Belangrijkste responspunten ... 5

(3)

Inleiding

Het onderscheid tussen uitgaven voor onderhoud en uitgaven voor verbetering is niet altijd even duidelijk. In sommige projecten kan zelfs van beide sprake zijn. Dit fenomeen is niet nieuw. In de jaarrekening, bij de bepaling van de bedrijfswaarde en fiscaal werd dit onderscheid al aangebracht. Vanuit SBR-wonen wordt gestreefd naar eenduidigheid van definities, die breed worden gehanteerd. In dat kader is het wenselijk dat de scheidslijn tussen onderhoud en verbetering scherper wordt gedefinieerd. Verder is wenselijk gebleken om de definities voor uitgaven voor beheer aan te scherpen. Deze aanscherpingen zijn ook nodig ten behoeve van het marktwaardehandboek.

Door de introductie van beleidswaarde is dit onderscheid nu extra actueel, aangezien uitgaven voor onderhoud en beheer veel directer zichtbaar worden in de “waterval”. Derhalve is er voldoende aanleiding om de definities verder aan te scherpen.

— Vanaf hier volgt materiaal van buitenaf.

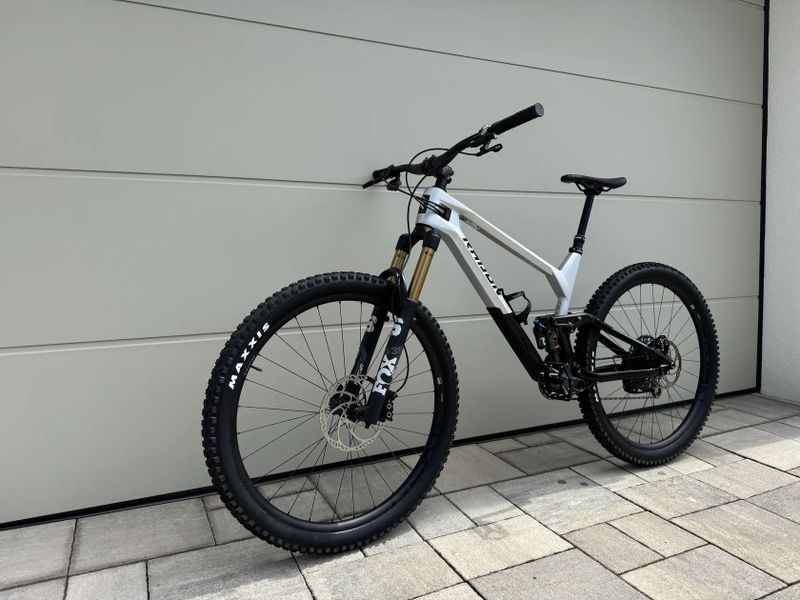Radon Slide Trail 10.0 150mm Fox 36 Factory Kashima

In het ter consultatie aangeboden memo is hier een voorstel voor gedaan, daarbij ten volle realiserend dat er altijd een grijs gebied is en zal blijven. Doelstelling van deze aanscherpingen is dan ook niet om dit grijze gebied te elimineren, maar wel om de nu aanwezige ruimte te verkleinen. De definitieaanscherpingen zien toe op toepassing begroting en verantwoording verslagjaar 2020 voor de beleidswaarde en de jaarrekening.

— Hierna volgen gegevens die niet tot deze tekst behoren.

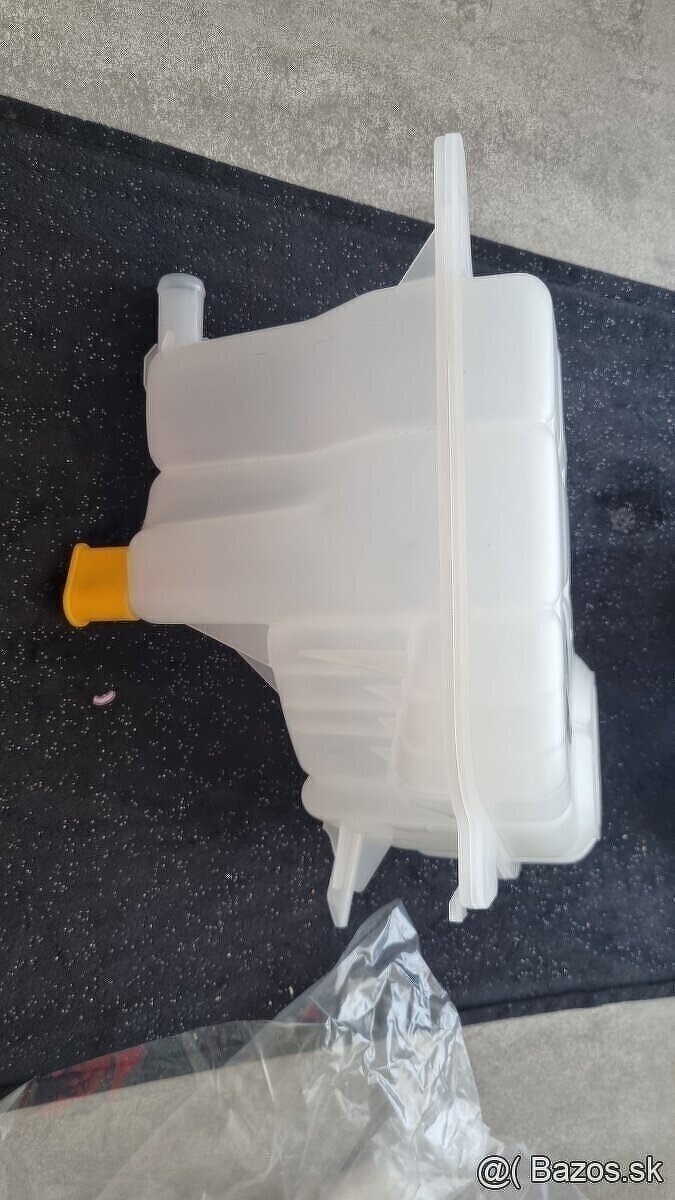 Vyrovnávacia nádobka - 4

Daarnaast wordt voor zowel de onderhouds- als de beheerkosten nadere guidance gegeven voor de verwerking in de winst en verliesrekening.

Vanuit SBR-wonen is het proces begeleid om te komen tot een uniformering van de definities voor onderhoud en beheer. BZK, Aw en WSW hebben ieder vanuit hun eigen verantwoordelijkheid input geleverd aan het memo dat vervolgens ter consultatie is aangeboden en breed is afgestemd met verschillende partijen. Het memo is afgestemd tussen BZK, WSW, Aw en besproken met een delegatie van accountants. Voorts is het memo ingebracht in de RJ werkgroep, de klankbordgroep marktwaarde, de expertgroep convenant (SBR-wonen) en de klankbordgroep Financiën (Aedes), om zodoende ook de input vanuit de corporatiesector te borgen. Daarnaast heeft afstemming plaatsgevonden met de auteur van de Vastgoed TaxatieWijzer Exploitatieuitgaven om de aangescherpte definitie hier ook in mee te nemen.

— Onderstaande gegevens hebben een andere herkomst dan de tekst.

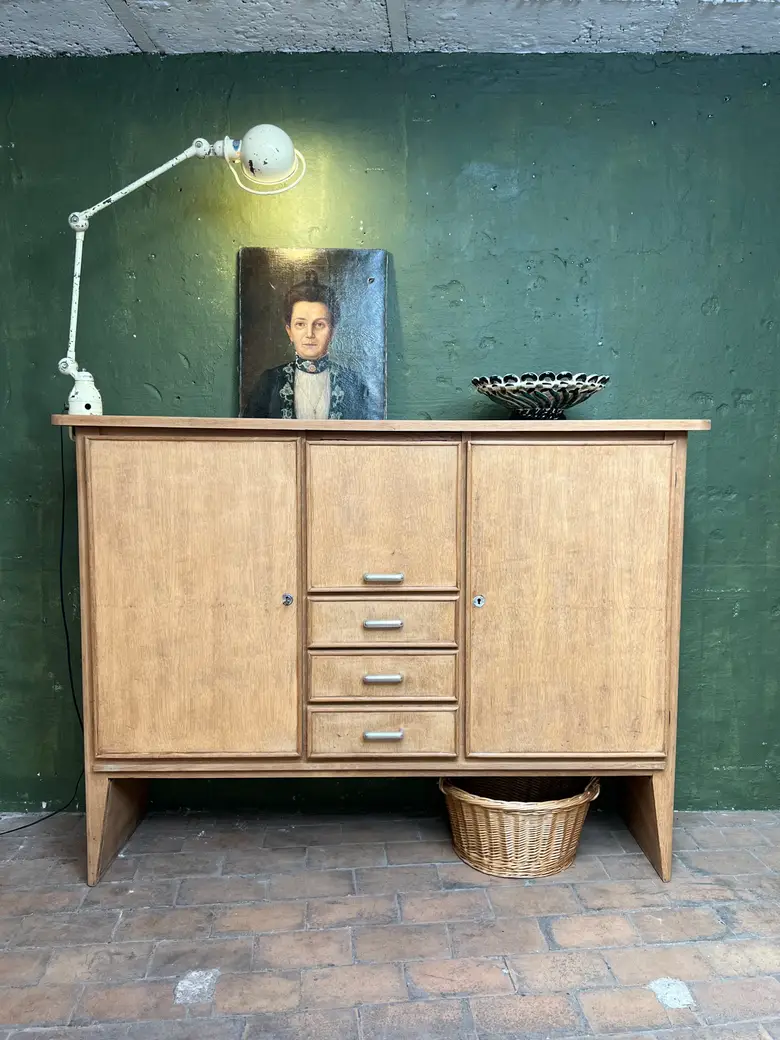 Ancien buffet en chêne de René Gabriel – Années 50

De opgehaalde input en brede afstemming heeft geresulteerd in een consultatieversie van het memo waarop, aanvankelijk tot 1 februari 2019 en na verlenging tot 1 maart 2019, commentaar kon worden geleverd.

Hierbij doet SBR-wonen verslag van de (markt)consultatie.

(4)

Reacties

In totaal zijn er 70 reacties binnengekomen; 61 corporaties, 5 adviseurs, 3 platformen en Aedes. BZK, Aw en WSW zijn zeer erkentelijk voor het ontvangen van de reacties. Het constructieve karakter van de reacties en inhoudelijke onderbouwingen geven blijk van grote betrokkenheid en inzet.

Omdat veel partijen hebben gereageerd op dezelfde onderwerpen, zijn de reacties gebundeld en in meerdere sessies intern geanalyseerd en besproken, waarna er vervolgacties aan zijn gekoppeld. Dit heeft geleid tot twee documenten:

1. Aangepast memo ‘Definities onderhoud en beheer t.b.v. beleidswaardebepaling en jaarrekening’

2. Verantwoordingsdocument consultatie definities Onderhoud - Beheer

In het aangepaste memo ‘Definities onderhoud en beheer ten behoeve van verantwoording en prognose’, zijn opmerkingen ten aanzien van het memo verwerkt en zijn onduidelijkheden aangescherpt. Echter niet alle

opmerkingen zijn verwerkt. Daar waar vanuit BZK, Aw en WSW weloverwogen keuzes zijn gemaakt die afwijken van de opmerkingen of suggesties lichten wij die toe in dit verantwoordingsdocument.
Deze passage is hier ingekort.